Cutting Through Data Science Hype

An anonymous reader writes: Data science — or "big data" if you prefer — has evolved into a full-fledged buzzword, thanks to marketing departments around the world. John Foreman writes that part of the marketing blitz has been focused on how fast big data analysis can be. Most companies offering some kind of analytic service try to sell you on how it'll make it easy for you to quickly find and fix the problems with your business. But he points out that good, robust models need a stable set of inputs, and businesses often change far too quickly for any kind of stable prediction. He takes IBM's analytic services as an example, quoting Kevin Hillstrom: "If IBM Watson can find hidden correlations that help your business, then why can't IBM Watson stem a 3 year sales drop at IBM?" Foreman offers some simple advice: "Simple analyses don't require huge models that get blown away when the business changes. ... If your business is currently too chaotic to support a complex model, don't build one."

2 of 99 comments (clear)

  1. Re:IBM by Sarten-X · · Score: 5, Insightful

    This pretty much sums up the entirety of Big Data.

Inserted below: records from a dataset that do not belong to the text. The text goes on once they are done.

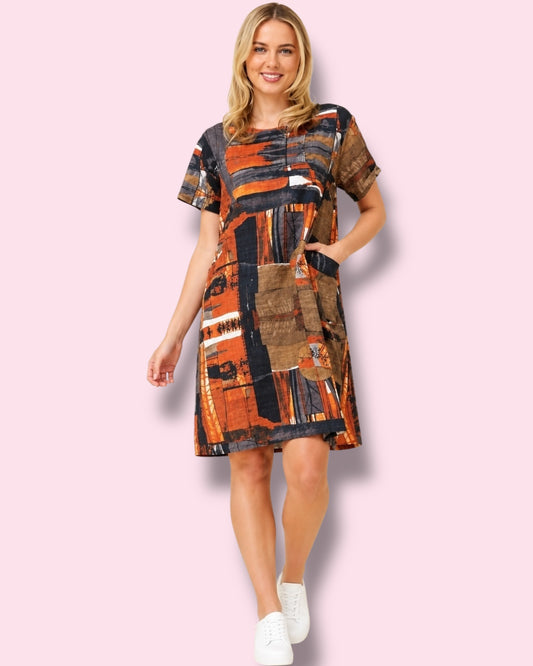 Selena Shift Dress - Burnt Sienna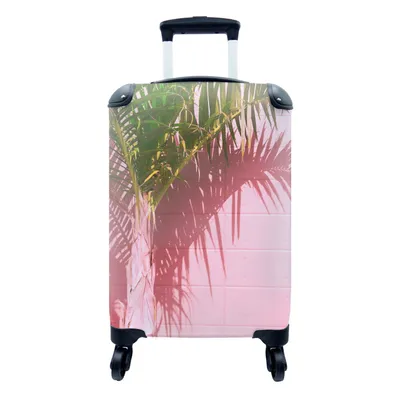 Produktbild von MuchoWow® Koffer Handgepäck Trolley Rollkoffer Kleine Reisekoffer mit 4 Rollen - Pflanze - Sommer - Tropisch - Rosa - Cabin Size < 55x40x23 cm & 55x40x20 cm - Fotokoffer - Kabinenkoffer - Boardgepäck - Reise-Box - Reisekoffer - Reisegepäck - Koffer mit Bild - Trolley für Kinder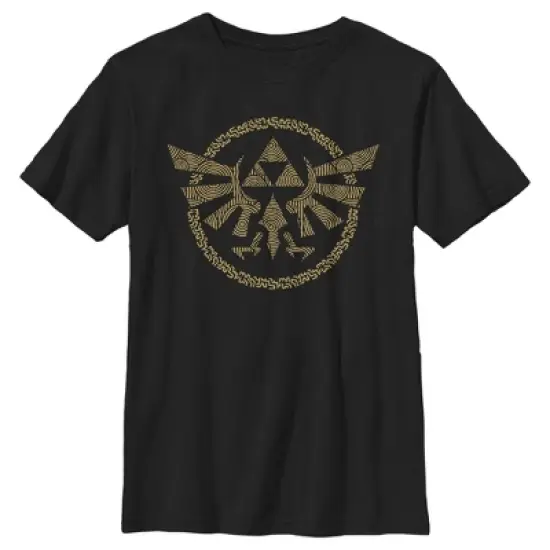 Boy's Nintendo The Legend of Zelda: Tears of the Kingdom Gold Hyrule Crest T-Shirt image {4}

    Data analysis can highlight the correlations that would otherwise go unnoticed, and the "big" data sets involved help to ensure that the noticed correlations are statistically significant. With a large enough sample size, the effects of time can be eliminated from the statistics, supporting analysis of even highly-dynamic models. To a statistician, this is all trivial, given a large enough data set.

    Once correlations are discovered, interpreting them in the business context is a different matter for which computers are not well-suited. As the phrase goes, correlation is not causation. A business expert must analyse the observations and figure out what it all means. There may be a correlation indicating a causal relationship, or there may be a hidden cause not covered by the available data.

    Even if a causal relationship can be identified, the management may not want to act on it. Sure, the company might make more money by changing their behavior in a particular market segment, but if that segment is dying, it may not be worth the expense to change now. That's also not a task for computers, yet.

    Big Data techniques are effectively just a tool. It does one job particularly well, and does a few other jobs well enough to be useful. It is still up to humans to determine if Big Data is the best tool for a particular situation.

    --
    You do not have a moral or legal right to do absolutely anything you want.
  2. Good data first, then maybe big data later by EmperorOfCanada · · Score: 4, Insightful

    I have worked with many very large data sets or very important data sets covering large numbers of people (not that big just complex). In both cases my first fight was with the data itself. I don't know how many databases I would get into with fields (all in one table) like phone, phone_num, number_phone, phonenum, and then usually a magical set like phone1, phone2, phone3, and phone2a.

    Or I would have lat longs for customers that put them in 100 miles off the coast of Nova Scotia (not sable island either). Or a mostly good lat longs but if they couldn't get one then they would use the lat long of the nation's capital resulting in 20% of the customers residing in any given nation's capital which also then obscured the actual number of customers in the nation's capital.

    And then dates, can nobody ever get dates right. A favourite is that round one of the system will only record the day of a transaction but later they expand their collection to the hour and minute but now the old dates are all at noon or something. So when you try to find the usage pattern of users there will be this massive spike at noon and a scattering of transactions in the rest of the day. Try and run that through a Bayesian analysis.

    I can go on and on with one of my recent favorites is a phone company database where many phone calls never begin, or never end.

    So I think the big bucks is not in doing an ML processing of their data using some ingenious Hadoop crap but to maybe use ML to clean the data up. And by the way if someone has a tilde(~) in their name your OCR needs to be shot.